PEP Screening Process: How UK Firms Should Review Matches
In brief: PEP screening is the process of checking whether a client or relevant person is politically exposed, then deciding whether the match is true and what enhanced measures are needed.
Key points
- A PEP match needs review, not automatic rejection.
- Relatives and close associates may also affect risk.
- The decision record should explain whether the match was cleared, escalated, or handled through enhanced due diligence.
What is PEP screening?
PEP screening checks whether a client, beneficial owner, director, controller, or relevant third party is a politically exposed person. If a possible match appears, the firm should review it, decide whether it is a true match, and record the risk decision.
The UK Money Laundering Regulations include enhanced due diligence expectations for PEPs. See the Money Laundering Regulations 2017.
A practical PEP screening workflow
- Screen the client and relevant connected people.
- Review possible matches against date of birth, country, role, and other identifiers.
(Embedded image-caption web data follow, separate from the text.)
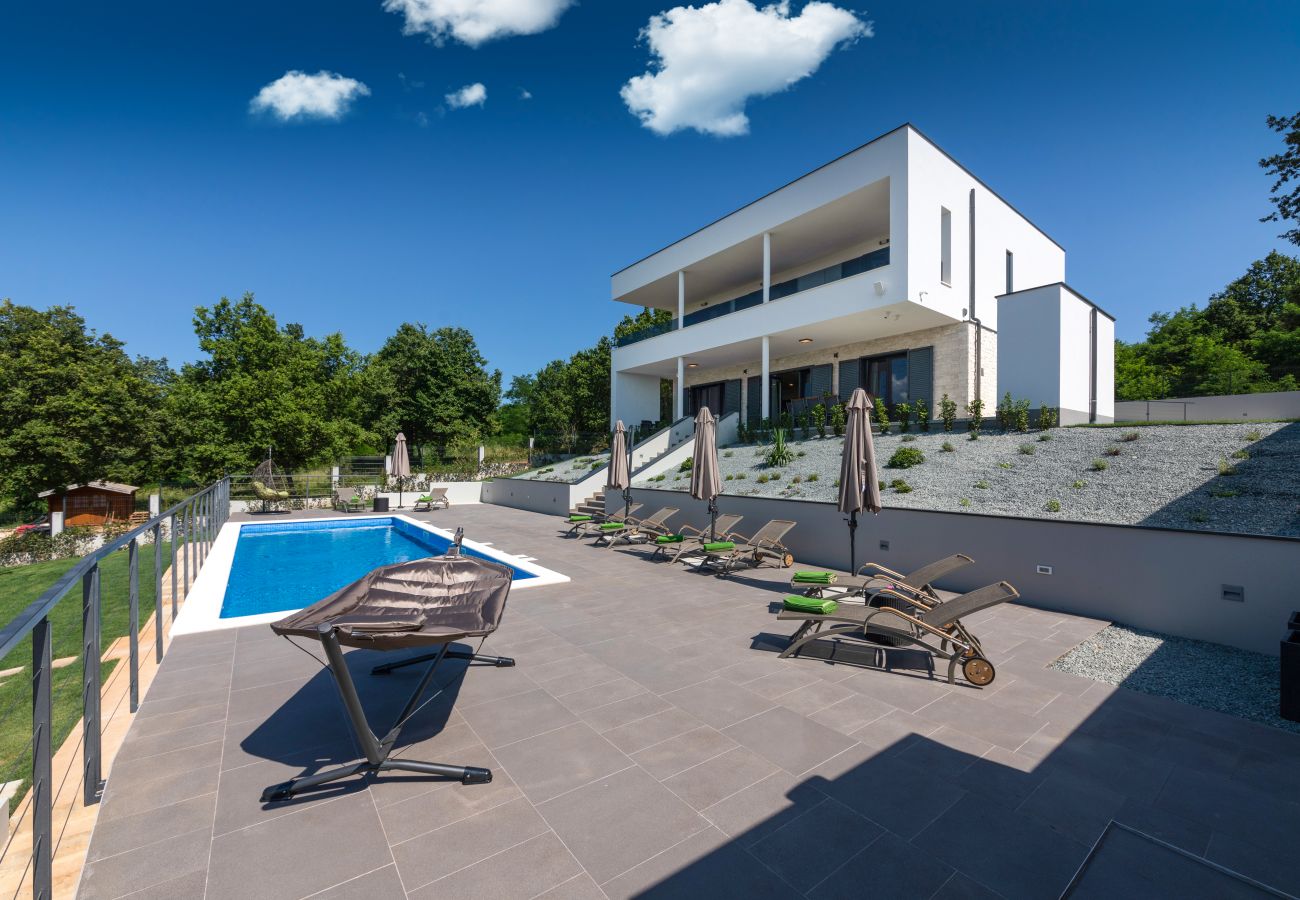 Вилла на Sveta Nedelja - Luxury Villa Althea near Labin with large garden and Pool Heating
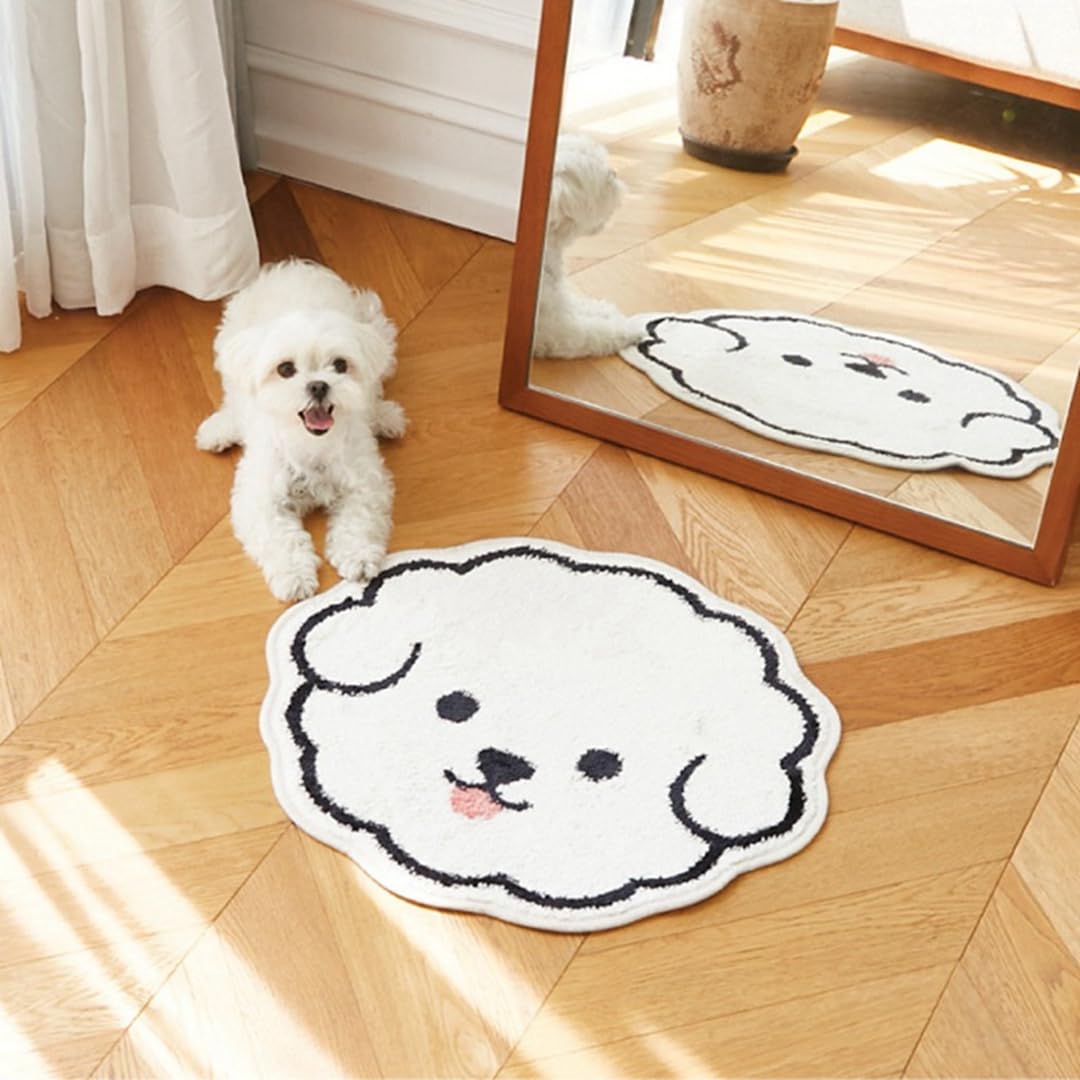 バスマット　お風呂マット　足マット　犬　かわいい　40×60cm Amazon｜バスマット 玄関マット お風呂マット 柴犬 犬 手描き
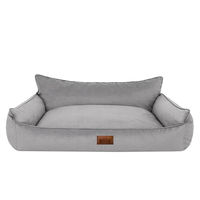 Produktbild von DOGGY Hundebett Grau OEKO-TEX Grösse L 64 x 49 cm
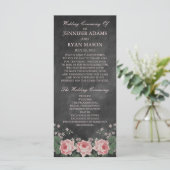 Vintager Kopfbrett | Rackkarten für das Hochzeitsp Programm (Stehend Vorderseite)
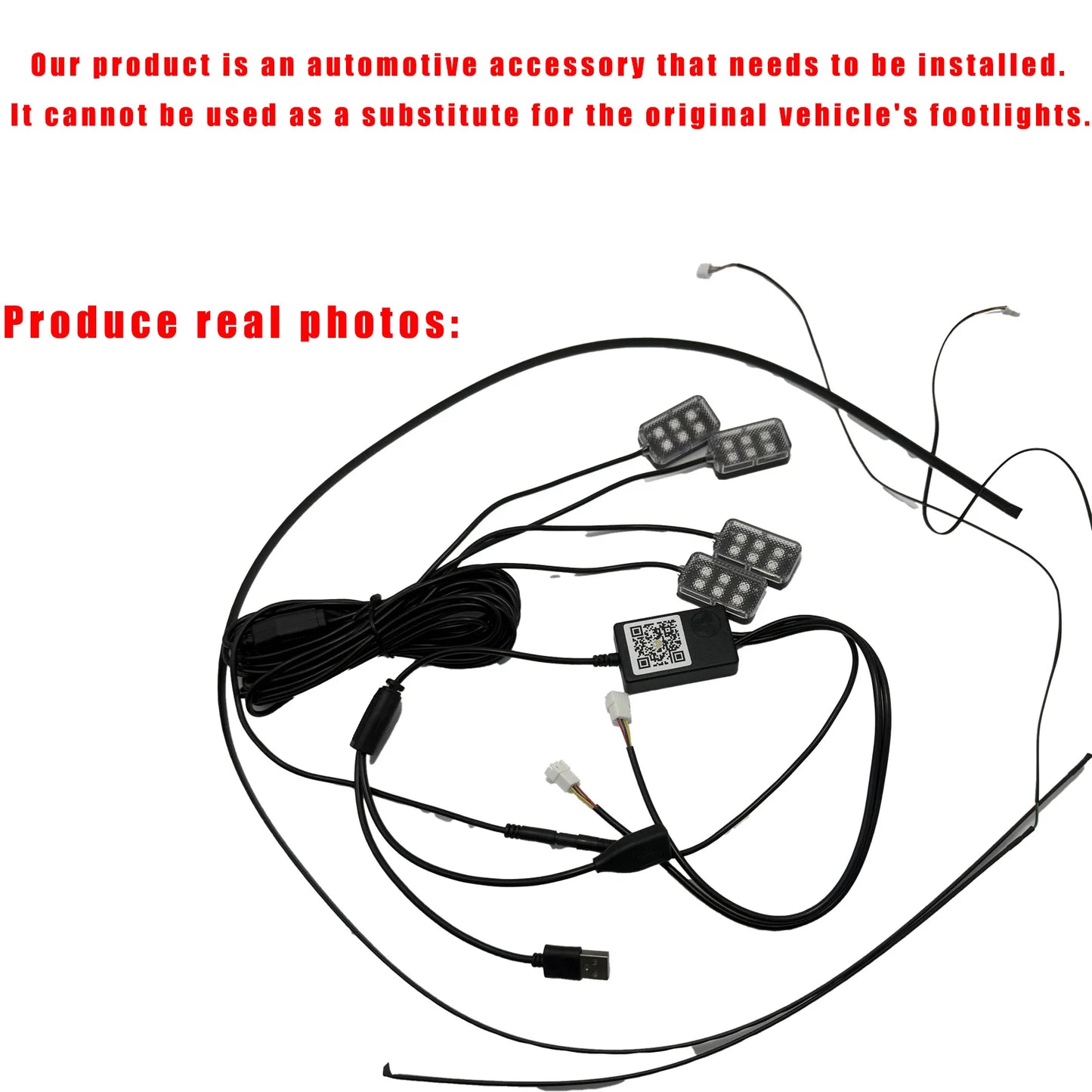 For Tesla Model 3 Model Y Car Ambient Light 60 Seconds Automatic OFF Module With USB Expansion Dock RGB APP Dashboard Lighting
- Check whether relatives or close associates create risk.
- Decide whether enhanced due diligence is needed.
- Record approval, evidence, and review frequency.
- Re-screen when risk changes or periodic review is due.
What to record
- Who was screened.
- Date and tool/source used.
- Possible matches returned.
- Why a match was cleared or confirmed.
- EDD measures applied.
- Approval and next review date.
Common mistake
The common mistake is either clearing a match without notes or treating every match as a refusal. A PEP relationship can be managed, but only if the firm understands and records the risk.
This guide is general information and is not legal advice.